Wireless IP cameras are perfect security devices for your small business or home as they can be placed virtually anywhere where there is a power outlet. This allows for some great covert monitoring around your home, placing the cameras in locations where intruders wouldn't suspect.
This step-by-step guide will show you how to set up your wireless Panasonic IP camera so that it can connect to your wireless network.
This guide is suitable for the following cameras:
- BL-C30A (now discontinued)
It may seem obvious but to configure the wireless settings in the camera you first have to be able to access it over the cable (Ethernet connection). We will assume that you have setup your camera with IP address details using an Ethernet cable and can view a live image on your screen.
Setting up your Panasonic IP Camera
Step 1 - Entering the SSID
The SSID (short for 'Service Set Indentifier') is the unique identifier given to differentiate one wireless network from another. If this is not entered correctly in the camera then it won't be able to connect to your wireless network at all.

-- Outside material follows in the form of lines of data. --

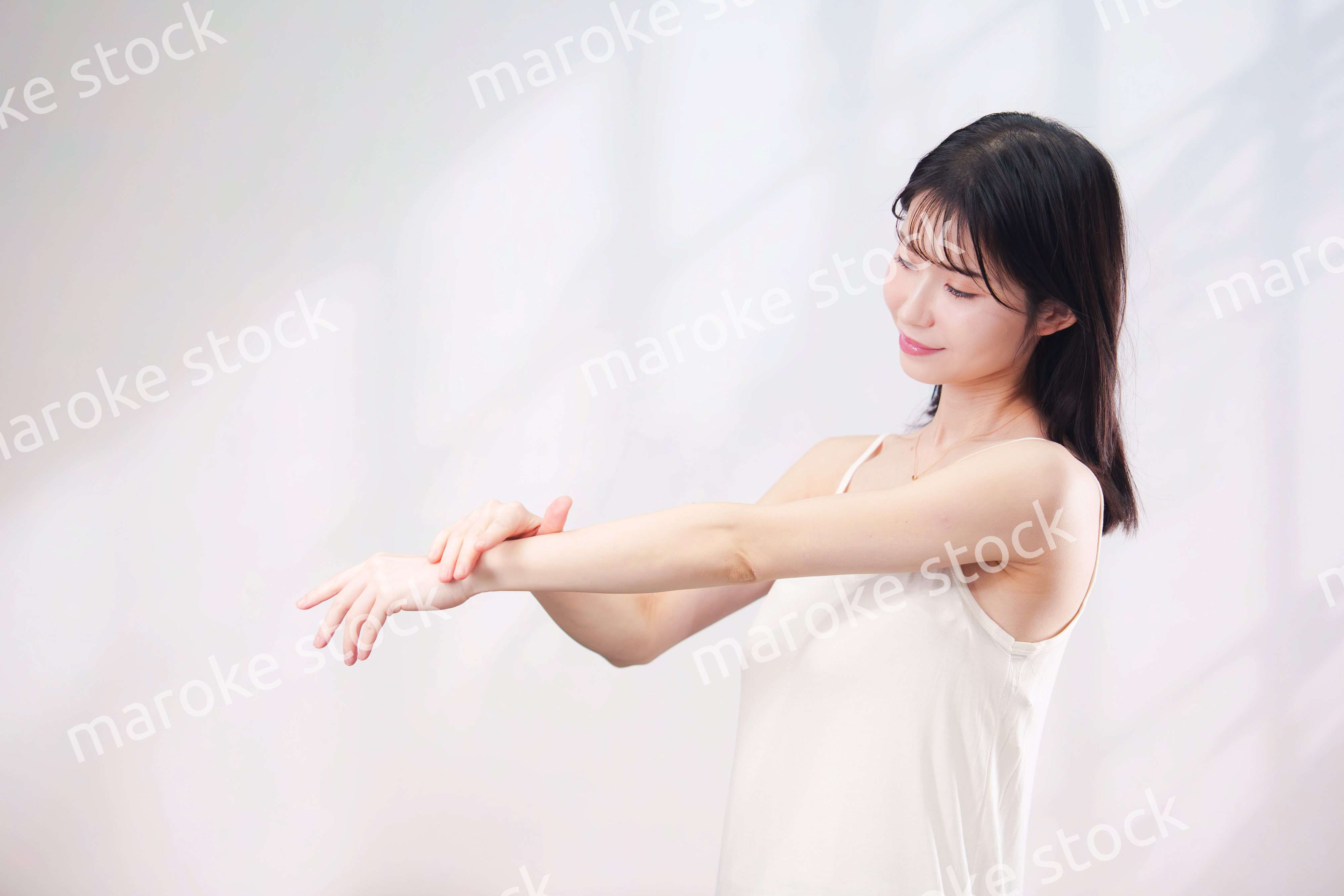 腕にクリームを塗る若い女性（シンプル背景）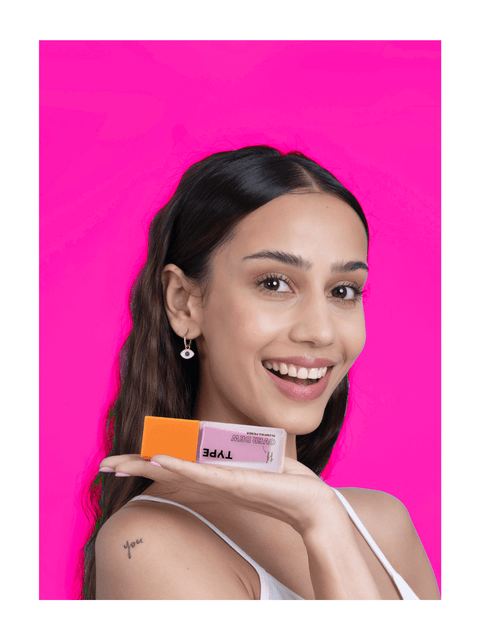 "Smiling woman showcasing primer sample set on pink background."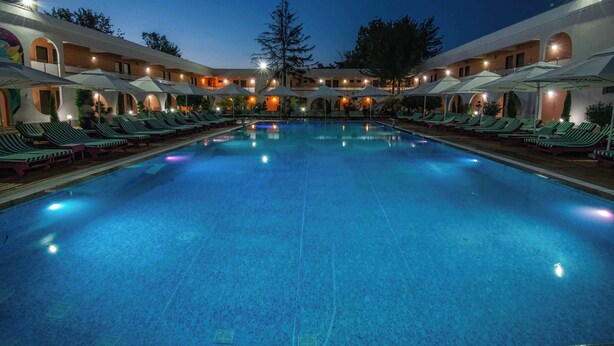 Una amplia piscina interior con sillones de descanso y sombrillas, rodeada por un edificio con varios balcones y un árbol central.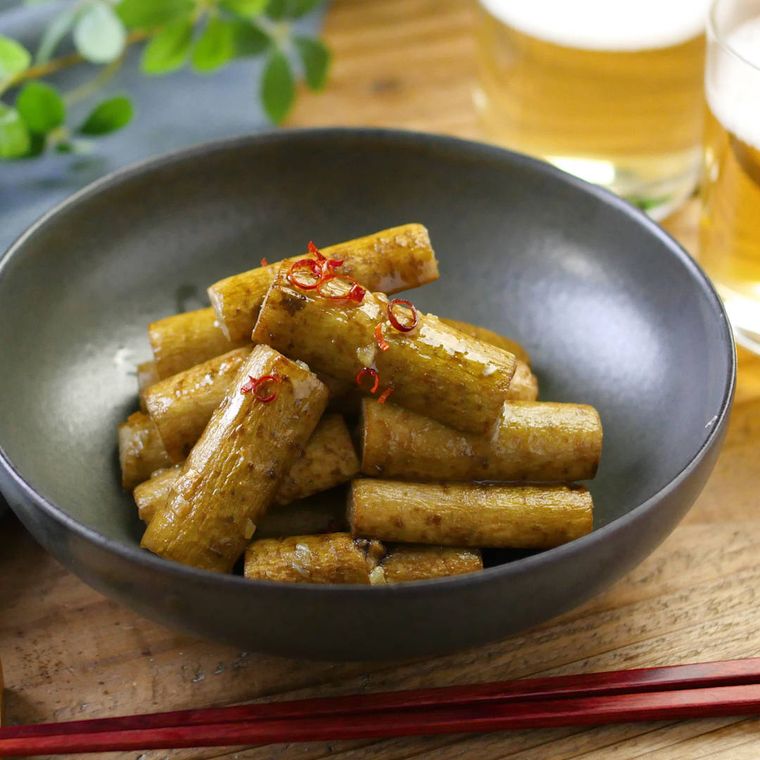 黒い丸皿にペペロンチーノごぼうが盛られている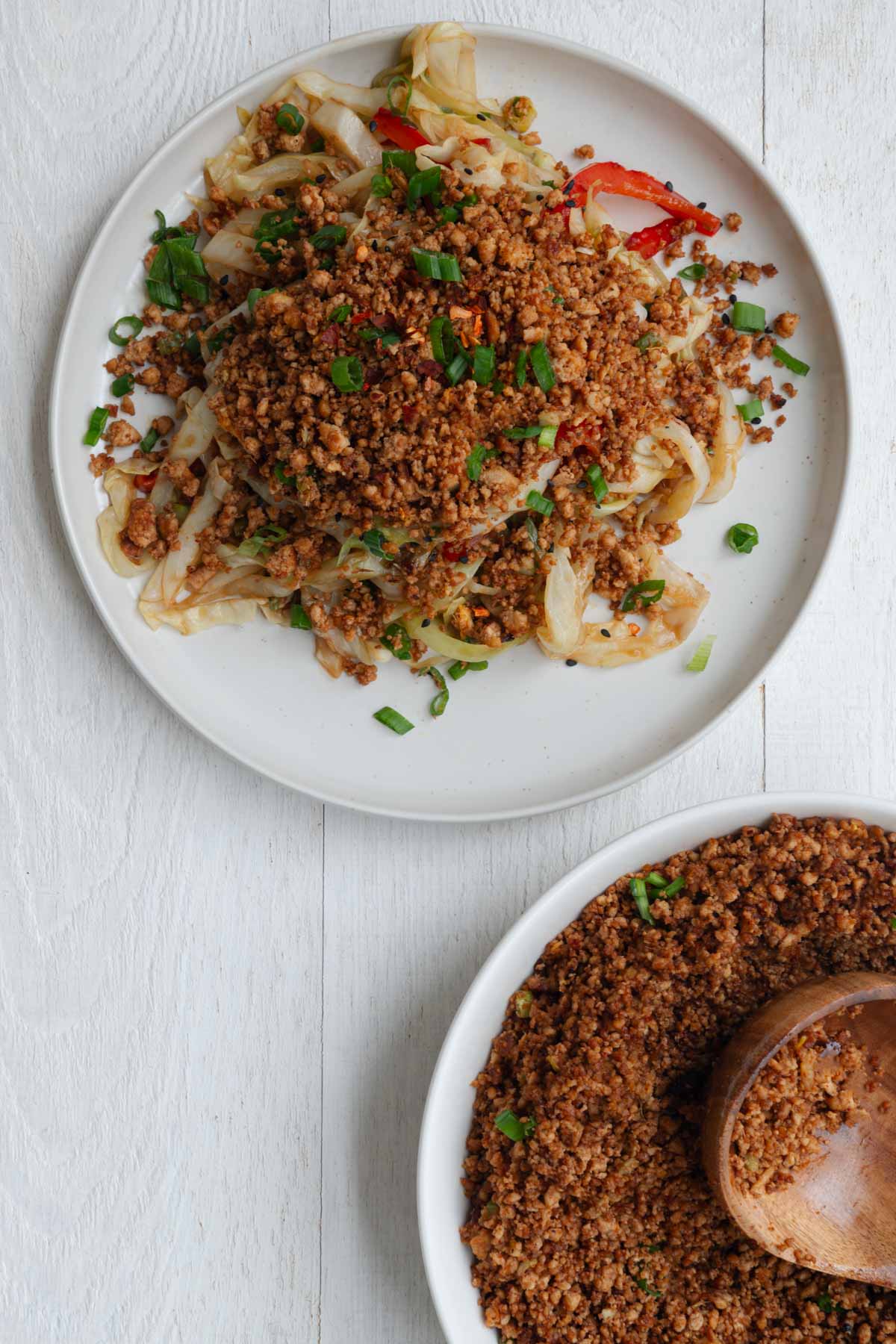 Pan-fried tofu crumbles in a bowl and sprinkled on a cabbage stir fry.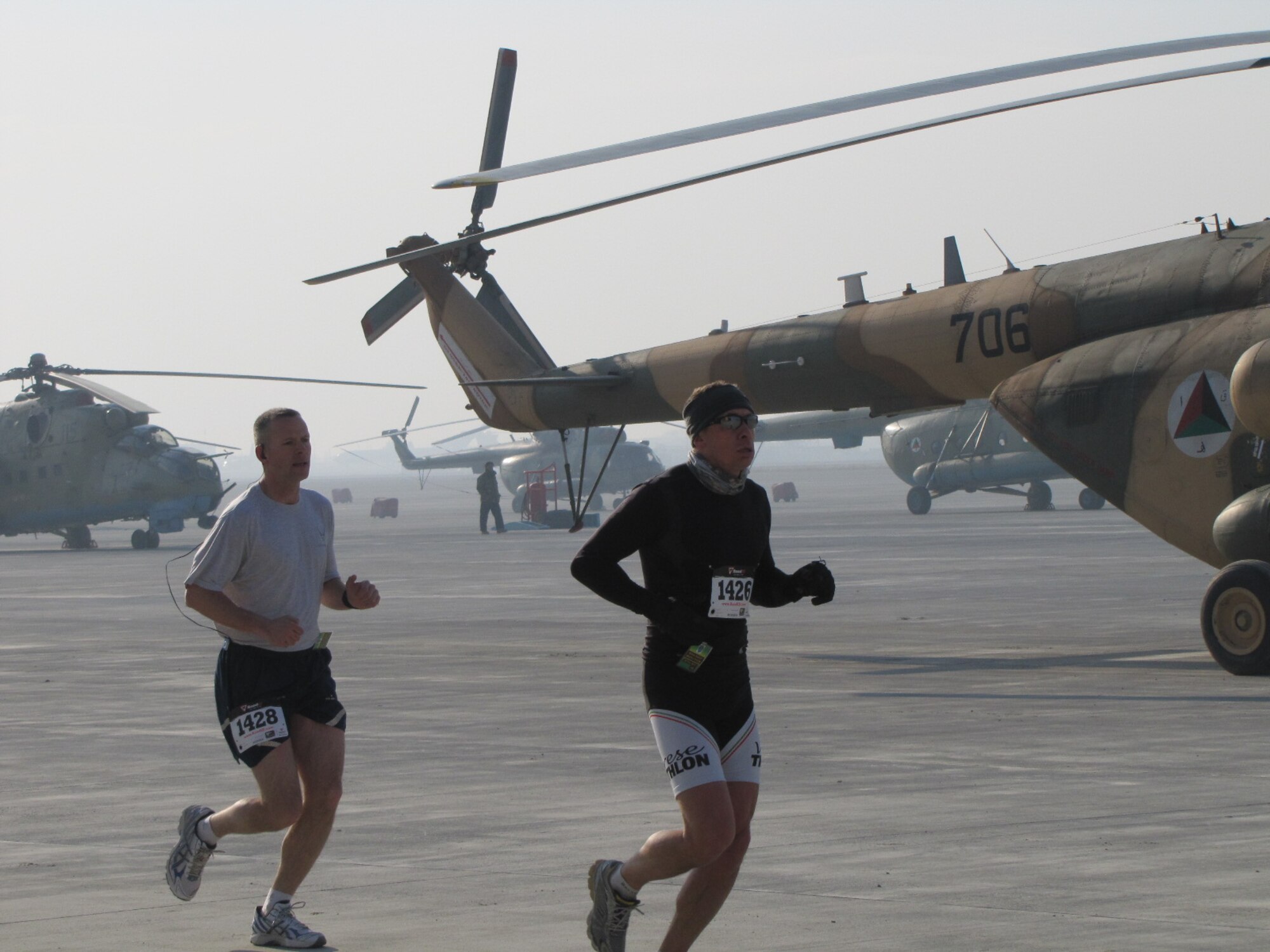 KABUL, Afghanistan - Members of the NATO Air Training Command - Afghanistan and ISAF Joint Command run the annual Fort Worth Cowtown race, one of the largest multi-event road races in the United States, at the Kabul International Airport, Afghanistan Feb 25. (U.S. Air Force photo by Capt. Rob Leese).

To find the SSID you will need to log in to your wireless router or access point. The SSID associated with your wireless network should be set in the wireless settings page of your router.
Copy this exactly from your router (we recommend you use copy and paste if possible to avoid error) and enter it into the wireless settings page in your camera.
The wireless settings can be found in the camera by entering the setup pages and clicking the 'Wireless' menu option on the left hand side. You should have a screen similar to the one shown below:
Panasonic BL-C131 - Wireless settings page (firmware version 3.14R03)
Step 2 - Setting the communication mode
You have a choice of using the IEEE802.11b, IEEE802.11b/g or IEEE802.11g
The difference between IEEE802.11b and IEEE802.11g is the speed of transmission. 'b' will give speeds of up to 11Mbps and 'g' will give speeds of up to '54Mbps'.
The standard setting for the camera set to work at both IEEE802.11b/g speeds but check what speeds your router is compatible with.
Step 3 - Setting the Wireless Encryption
The last setting to consider in the camera's wireless page is the method of encryption. Wireless encryption is the method used to secure the wireless network from unwanted access by neighbors or people in your apartment building or neighborhood.
When considering encryption there are many different methods, some which are more secure than others. The Panasonic camera we are using for this guide supports: WEP, WPA-PSK (TKIP), WPA2-PSK (AES) method of encryption and most of the new Panasonic IP cameras do. Some of the oder models are limited to WEP so look out for that.
Wireless encryption acts just like a password. Without the password, or what is known as the 'Key', your camera will not be able to successfully connect to the wireless network.
The details of the method of wireless encryption can be found in the wireless settings of your router or access point. Copy these settings exactly into the camera for a successful connection.
That should be all there is to it. Remember to switch the external switch on the camera to the wireless position, remove the Ethernet cable and restart the camera. Hopefully when the camera comes back online you will be able to connect to it wirelessly!
MAC Address Filtering
There is a another thing to consider when setting up your camera. In some routers to further improve security can be set to only allow specific devices to connect wirelessly. Every network device has a serial number known as a MAC address and this is unique to every network device. It is possible in every wireless router to restrict wireless access to only those devices you have on your network, effectively blocking everyone else. This is done by using MAC addresses and is known as MAC Address Filtering. The reason this isn’t covered in the main HOWTO guide is that this feature is not set up as standard in any router and requires configuration, therefore if someone has configured their router in this way they will know and already have taken this into consideration.
This is just a reminder to those who tried everything else but still having problems connecting.
Frequently Asked Questions
I have done everything but my camera still refuses to connect, what now?
We get this a lot and we find with the majority of people it’s down to not entering the correct information into the camera. We would advise people check their settings thoroughly remembering that the SSID is case-sensitive. If still no luck consider the possibility that the wireless network has restricted access by MAC address using MAC Address Filtering. If you haven’t configured this in the router yourself contact the person in charge of setting up the router. If no-one else has touched the router then chances are there is no filtering in place. If you still have no luck contact a member of technical support from the company you purchased the camera from for futher assisstance.